I love the way this guy writes. It’s like we were born kindred spirits. This article brings back some many memories of El Paso, Texas, where I grew up and of the people around me at back then. We considered ourselves ultra cool vatos locos!

Thanks, Agustin for bringing back those times fraught with risk as they may have been.

Agustin Ramirez

I believe that it is important that those of us who have chosen to stake our life far from our aboriginal land we call home to make a concerted effort to return and experience the nostalgic moments of our upbringing. It gives us the opportunity to make connections between different time periods and events that have shaped our lives and those of the ones we left behind.

During our childhood years we accumulate numerous experiences that may be discarded or archived in our memory bank. Feet on the ground visits to our hometown often spark moments of reminiscing that would not be reveled otherwise. It is for that reason that I make it a point to return to my beloved El Paso as often as I can. Not only do I anxiously look forward to seeing my siblings but I also need to douse myself in the culture, language, and culinary delights that depict my heritage. The whole experience of my visits are often like time travel, chaotically swirling in my mind and attempting to chronologically sort itself to create a epic story of my days gone by.

When the day of such visit arrives, all is packed, arrangements made, siblings notified, and transportation set. The blue, yellow, and red bird of man’s creation lifts with great and graceful force, soaring through azure hued skies, dotted with pristine white clouds that look like flowing soft cotton as we rise.
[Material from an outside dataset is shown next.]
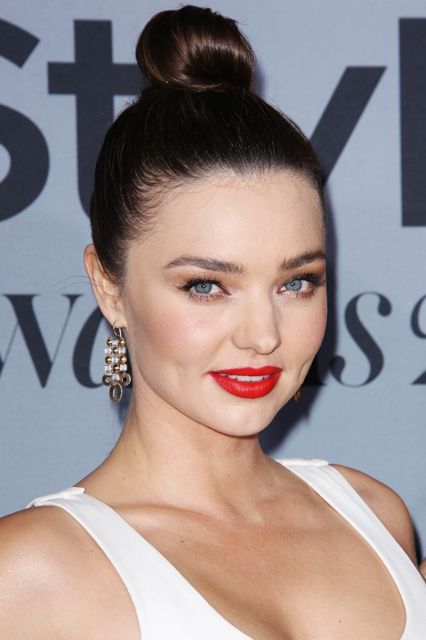 A modelo Miranda Kerr tem uma marca de produtos naturais para tratamento da pele chamada Kora Organics. Além de cremes hidratantes, tem também máscaras para o rosto e linha de cuidados para olheiras.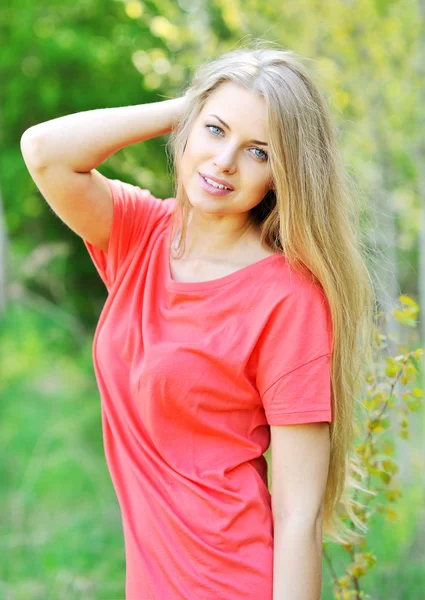 Portrait d'heureuse jeune femme blonde souriante et joyeuse , — Photo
Mindless chatter is heard as if from a vast distance, some prefer to read, and still others close their eyes and digress to a sound sleep. On flies the bird, mile after mile ever changing the landscape below. From the green of forest to the blue of glistening lakes and rivers, on to streaks of brown, purple, orange and sights of mountains reaching up to touch the sky. We are closer to home and my heart starts beating livelier in anticipation of our arrival. The bird finally starts a gradual descent magnifying the welcoming ground below. We roll on the huge black welcome carpet and cruise to our final destination-home.

Our son is waiting and ready to take us and our luggage as we start the first episode of a long awaited visit. His smile and hugs tell it all, he has missed us. The transformation of visitor and traveler to citizen has begun. “¿Que paso, mijo, como has estado? Muy bien. Let’s go. We will go drop off the luggage and go get something to eat. How about some Chico’s Tacos? Mijo, do you have to ask? Let me call your Uncle T so he can join us.” “Hello. Ese, carnal. Que paso, bro? Nada, we’re in town and going to Chico’s, meet us there. “Orale.” He replied. The nostalgic visit suddenly submits to the vernacular of those days of old.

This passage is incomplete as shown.